CBC's extensive news coverage of the Ebola crisis has won an International Emmy Award.

The award-winning team consisted of senior correspondent Adrienne Arsenault, producer Stephanie Jenzer, and videographer Jean-François Bisson.

CBC News sent a team to Monrovia, Liberia, in October 2014, to capture stories in the African country worst hit by the disease. More than 11,280 people have been reported to have died worldwide from Ebola, according to data released by the World Health Organization this September.
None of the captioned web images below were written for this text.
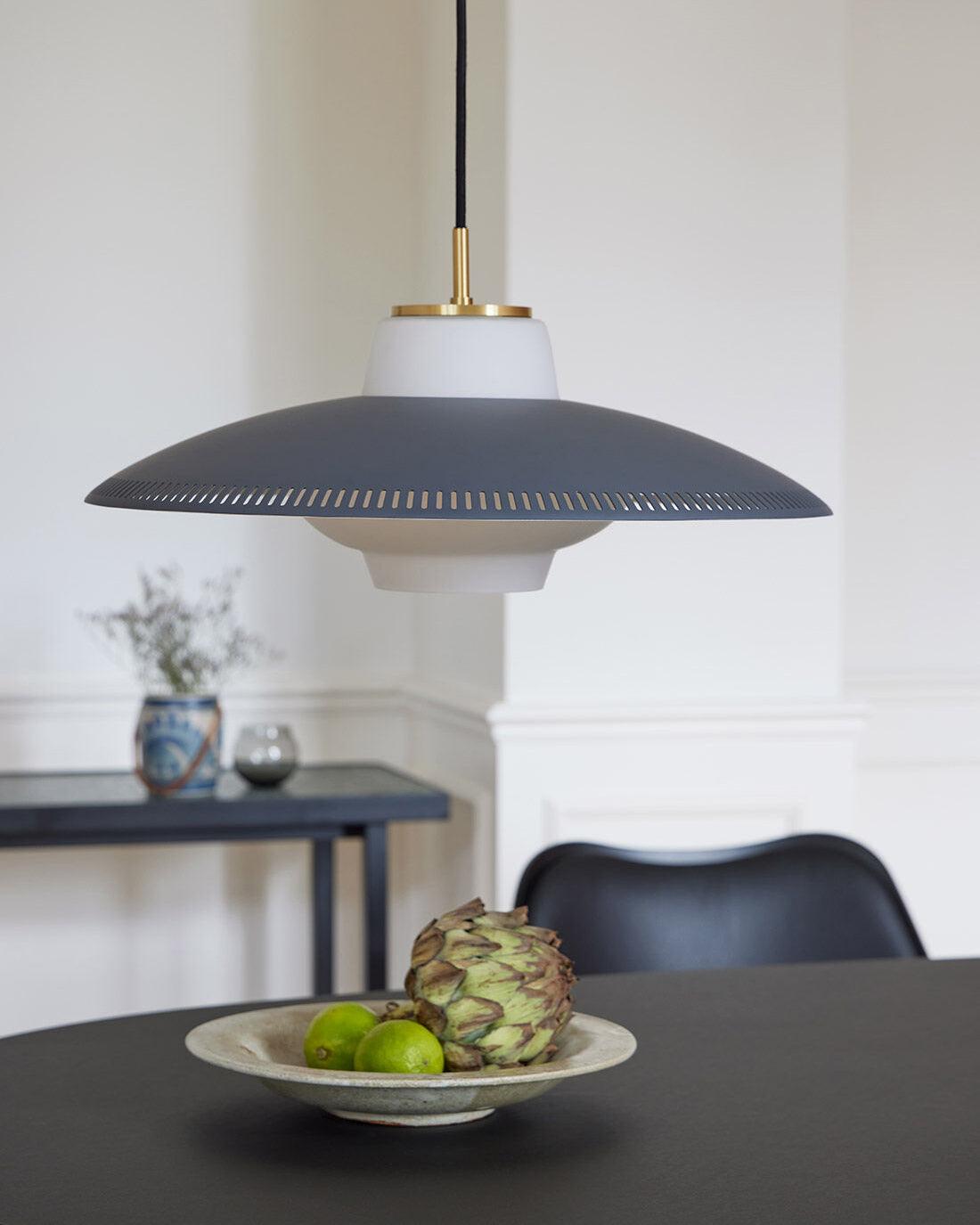 Evelo Pendant Lamp Opal Glass Wide Shade Classic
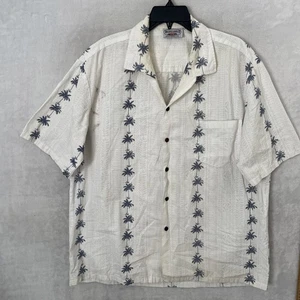 Pacific Legend Mens Hawiian Shirt White Floral XL Cotton VTG 90s Collar Pocket - Picture 1 of 9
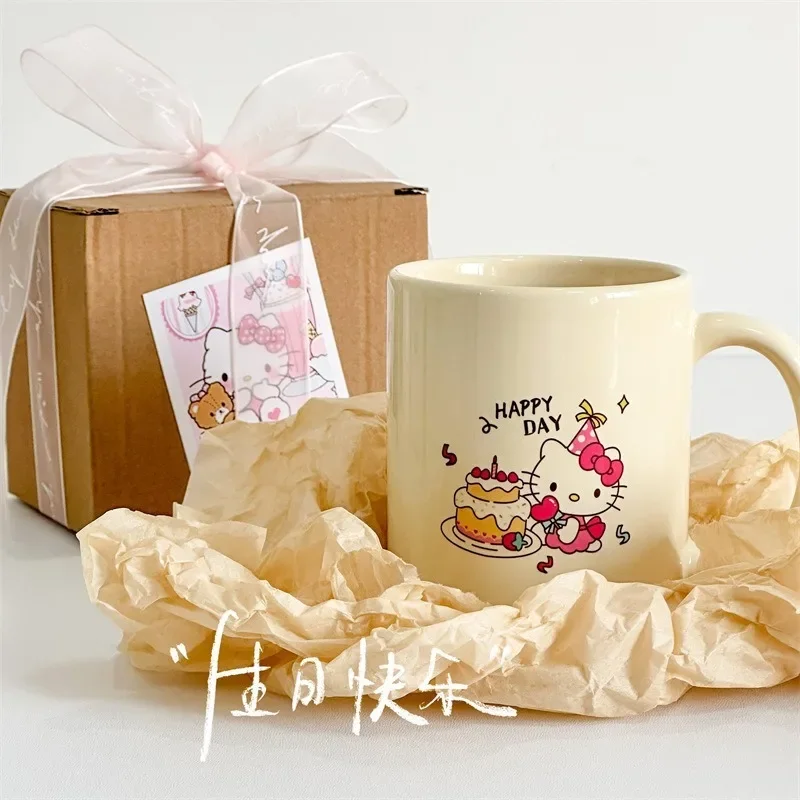 Creatieve Hello Kitty Verjaardag Keramische Mok Meisje Jongen 300 ml Sanrios Thuis Paar Koffie Melk Thee Ontbijt Water Cup Gift Servies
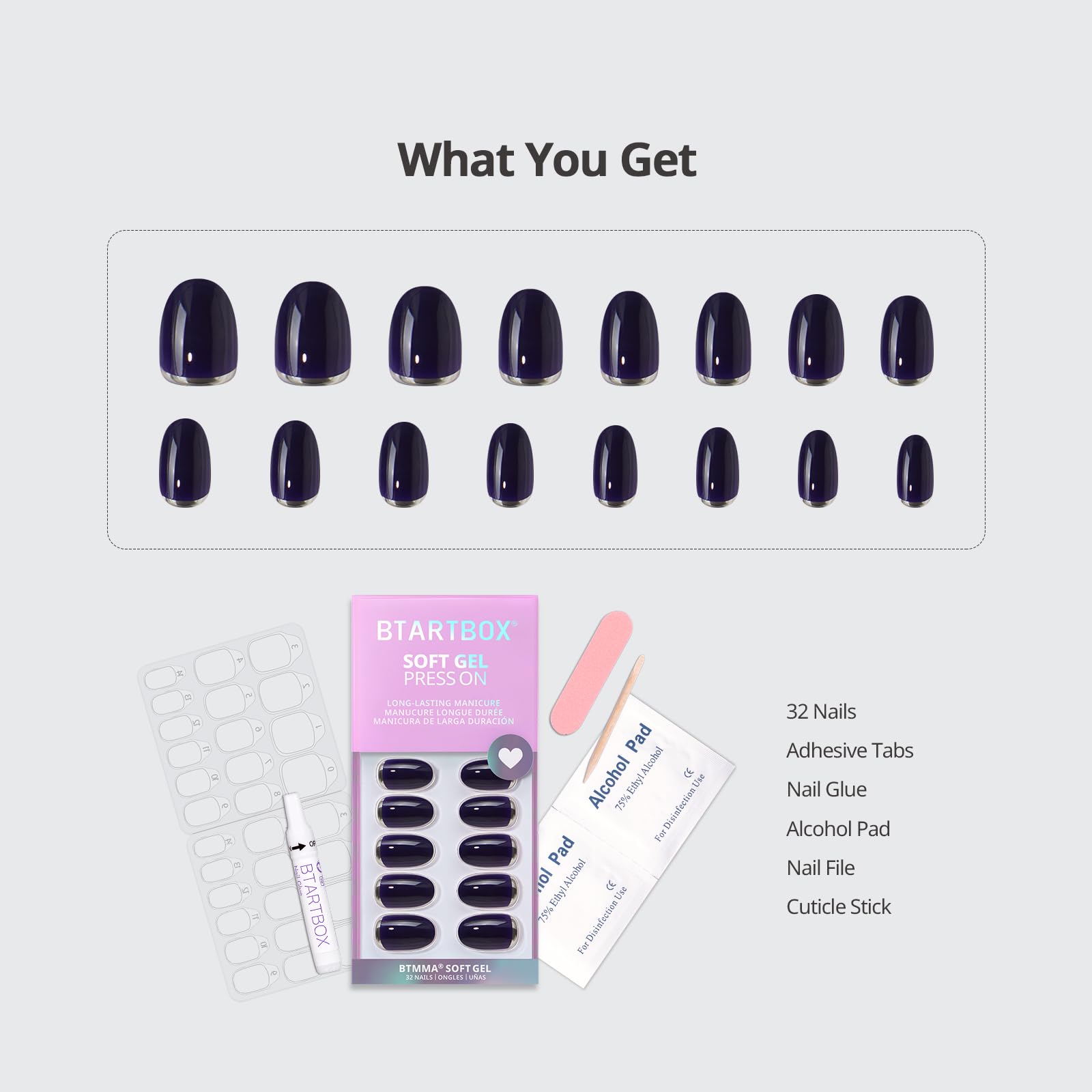 BTArtbox nail glue and adhesive tabs kit for easy application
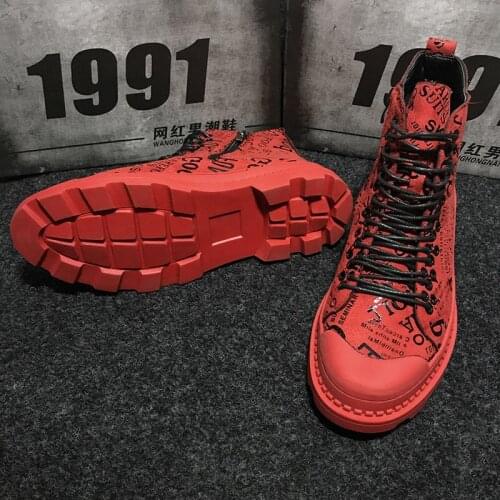 2020 high top Men leather boots Original style Europe Station velvet board trainers Designer Vulcanized Shoes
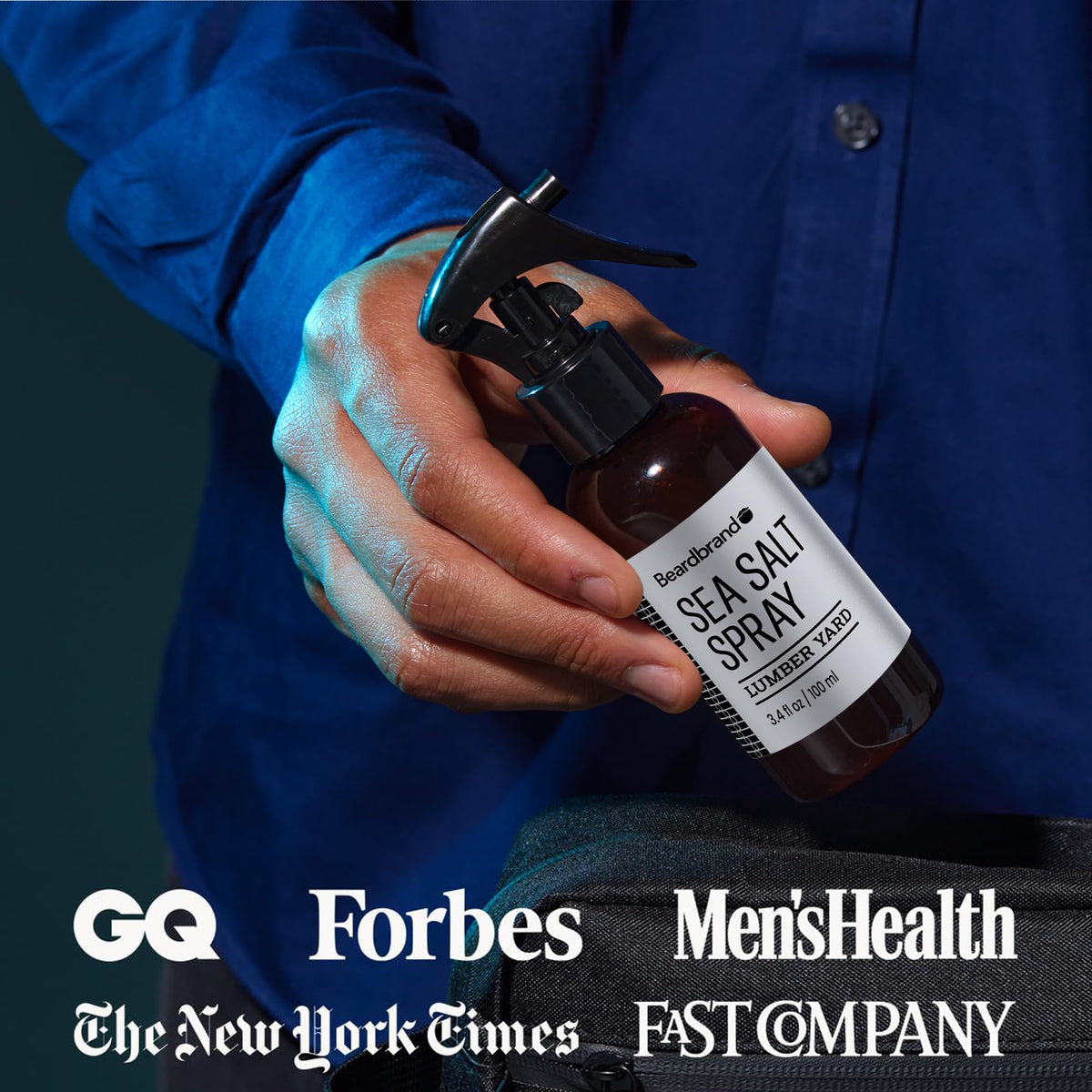 Beardbrand applying on damp hair, indicates improved root lift and volume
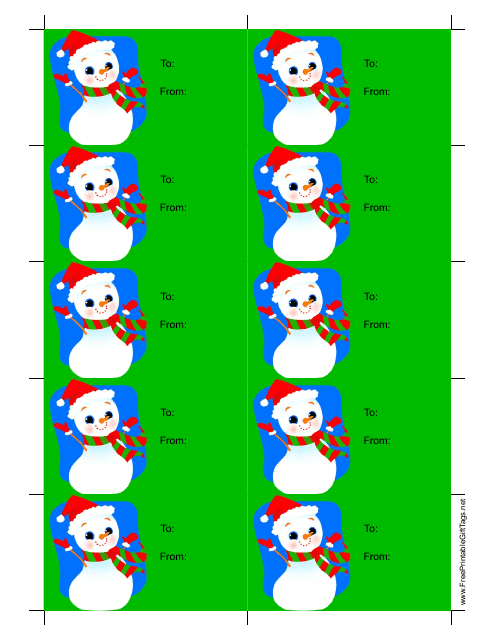Snowman Gift Tag Template with Green Background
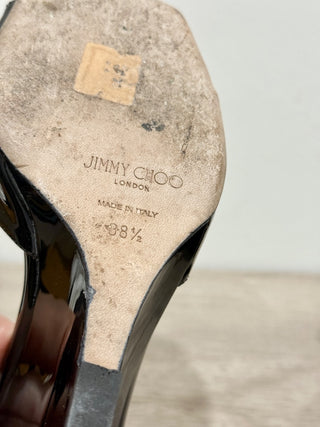 Jimmy Choo Brien 85 Patent Leather Wedge Heel Sandals Black Women's EU 38.5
The CBC's coverage highlighted the economic and political fallout, including an exclusive interview with Liberian President Ellen Johnson Sirleaf – and offered an intimate portrait of an eight-year-old girl orphaned by the outbreak.

Arsenault told CBC.ca it was an assignment that has stayed with them, given the suffering they saw and also because of the need to follow safety precautions and keep a physical distance from those they came in contact with.

"I think to this day we are so struck by what they went through - not just physically, but politically and emotionally," she said.

Arsenault said from the ceremony in New York that it was a bit surreal to be honoured for a story of such tragedy, but that the courage of the Liberian people was inspiring.

"They have been through more than we can fathom, and we owe them huge respect," she said.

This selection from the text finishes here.